Stored records
- - - -
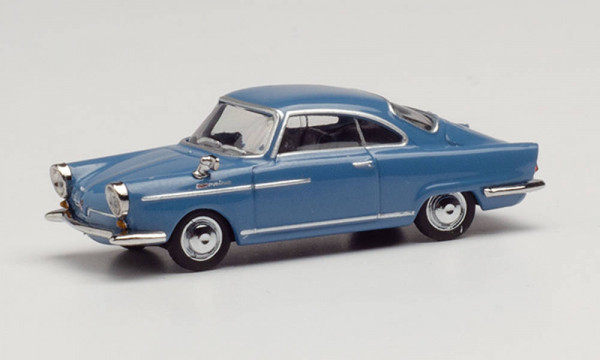 NSU Sport-Prinz-Coupé (Typ 41, Modell 1959-1967), brillantblau (vgl. muscariblau), Herpa, 1:87, mb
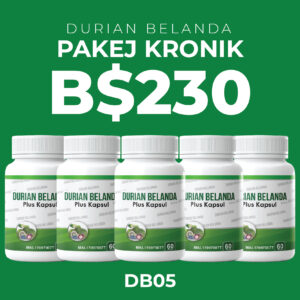 PAKEJ KRONIK - 5 DURIAN BELANDA PLUS KAPSUL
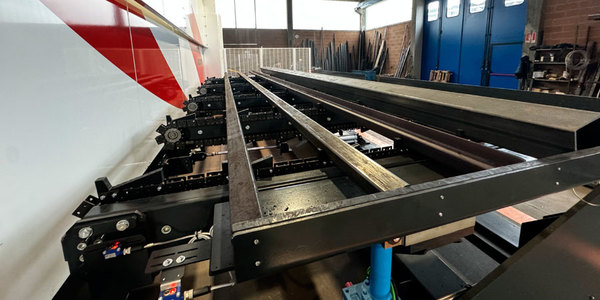 Alesa Costruzioni Meccaniche - Impianto Laser Taglio tubi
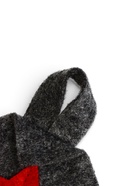 Набор для бани «Буденовец», 3 предмета: шапка, коврик, рукавица, серый, «Добропаровъ» - Фото 3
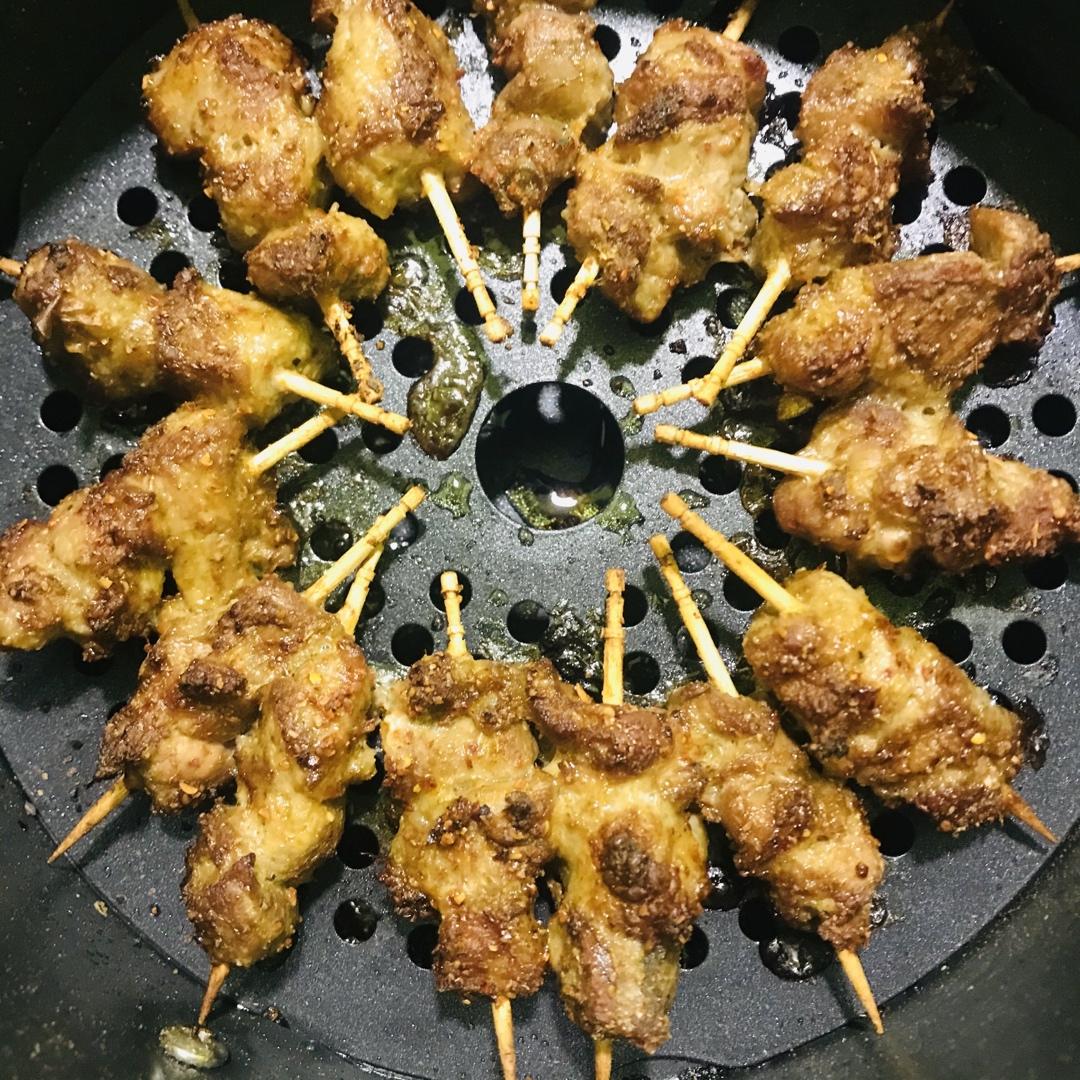 孜然牙签羊肉串（空气炸锅版）撸串儿吧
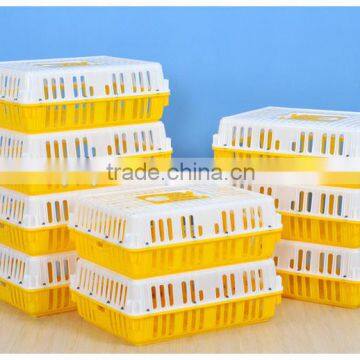 Plastic chicken transport crate, poultry crate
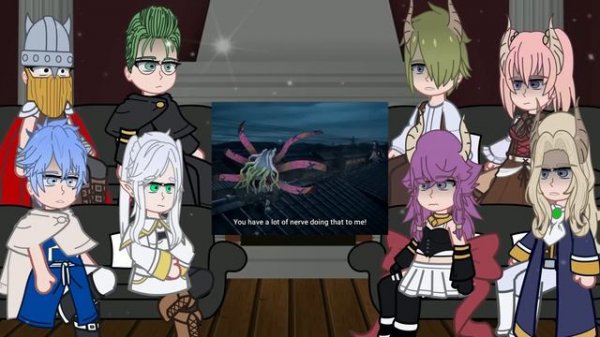 Sousou no Frieren react to Nezuko || Demon slayer - Gacha react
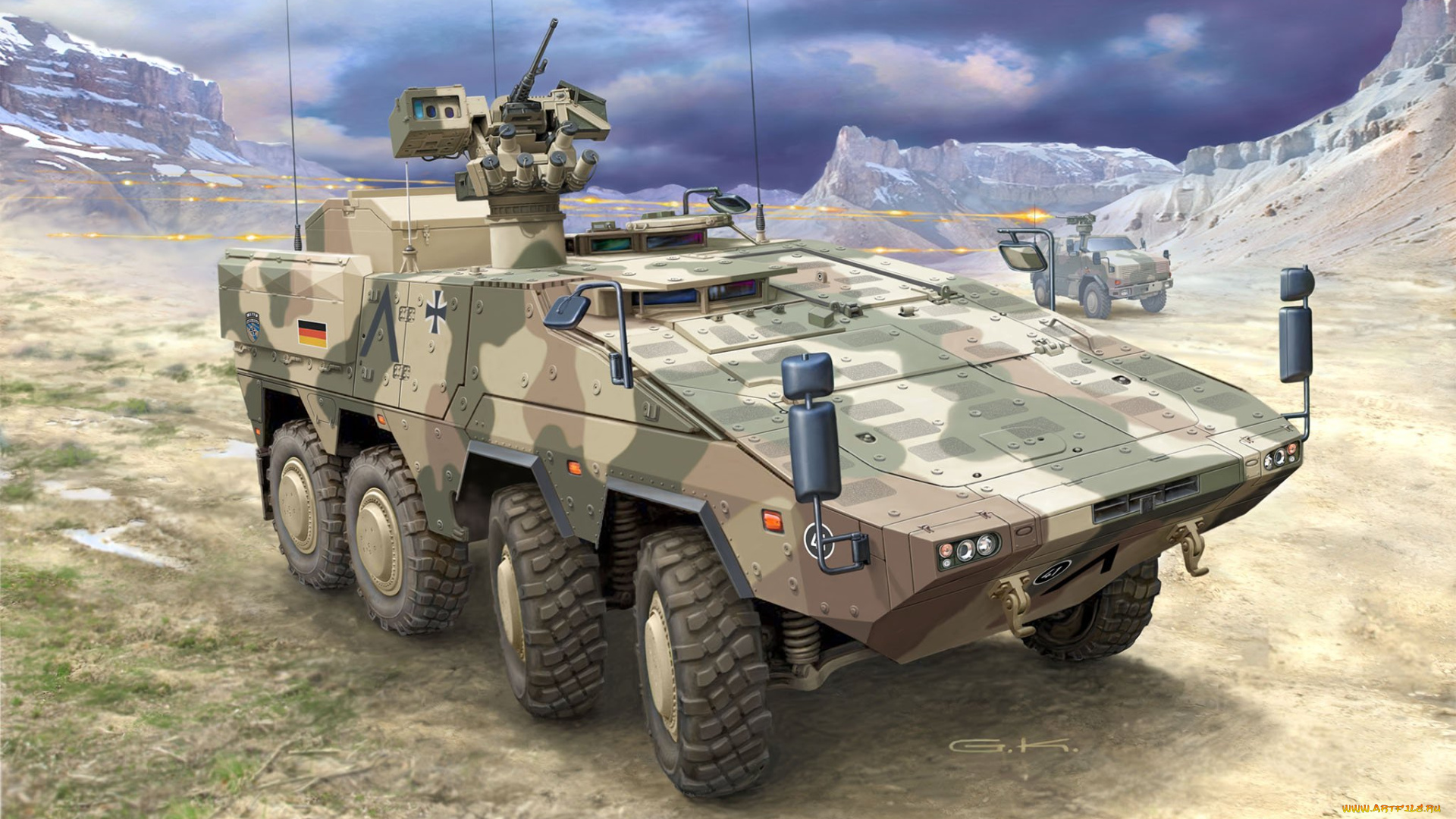 рисованное, армия, бтр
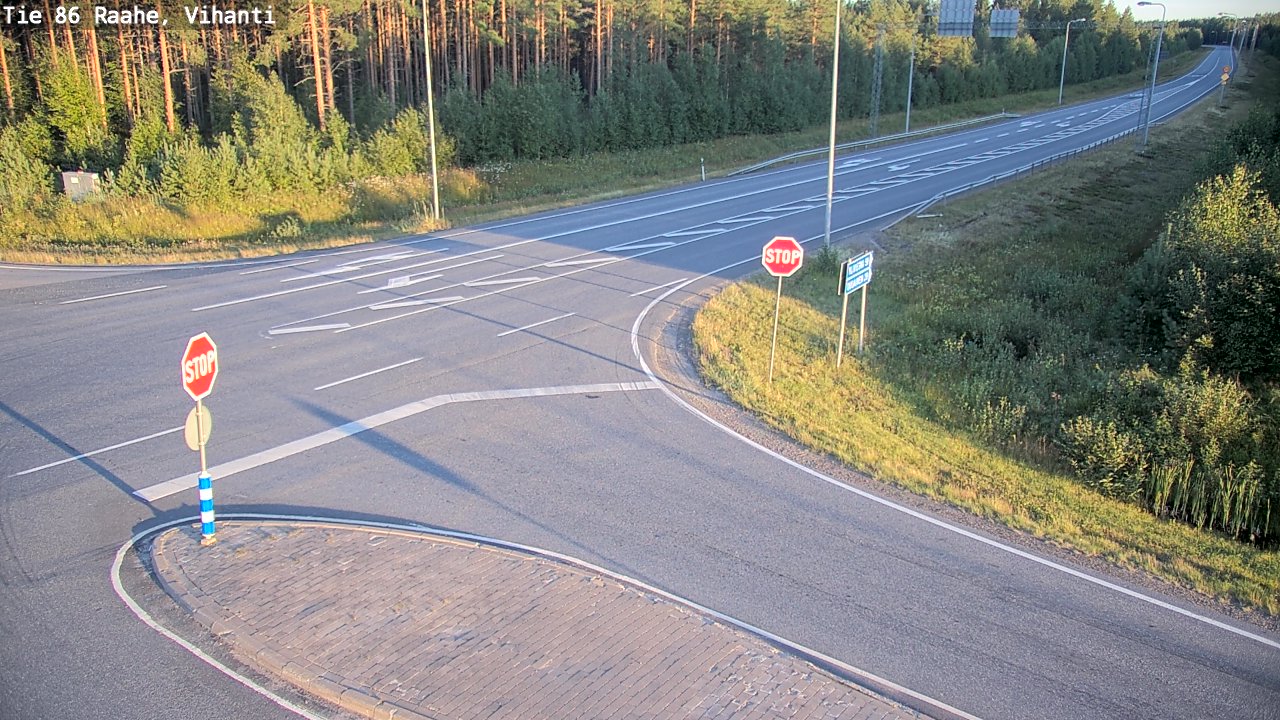 Kelikamerat Kuva Tie 86 Raahe, Vihanti, Raahe, Pohjois-Pohjanmaa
- - - -
What to produce:
Nothing but the pictures is to be left out; repeat the data exactly.

Your response:
 NSU Sport-Prinz-Coupé (Typ 41, Modell 1959-1967), brillantblau (vgl. muscariblau), Herpa, 1:87, mb
 PAKEJ KRONIK - 5 DURIAN BELANDA PLUS KAPSUL
 Alesa Costruzioni Meccaniche - Impianto Laser Taglio tubi
 Набор для бани «Буденовец», 3 предмета: шапка, коврик, рукавица, серый, «Добропаровъ» - Фото 3
 孜然牙签羊肉串（空气炸锅版）撸串儿吧
 Plastic chicken transport crate, poultry crate
 Sousou no Frieren react to Nezuko || Demon slayer - Gacha react
 рисованное, армия, бтр
 Kelikamerat Kuva Tie 86 Raahe, Vihanti, Raahe, Pohjois-Pohjanmaa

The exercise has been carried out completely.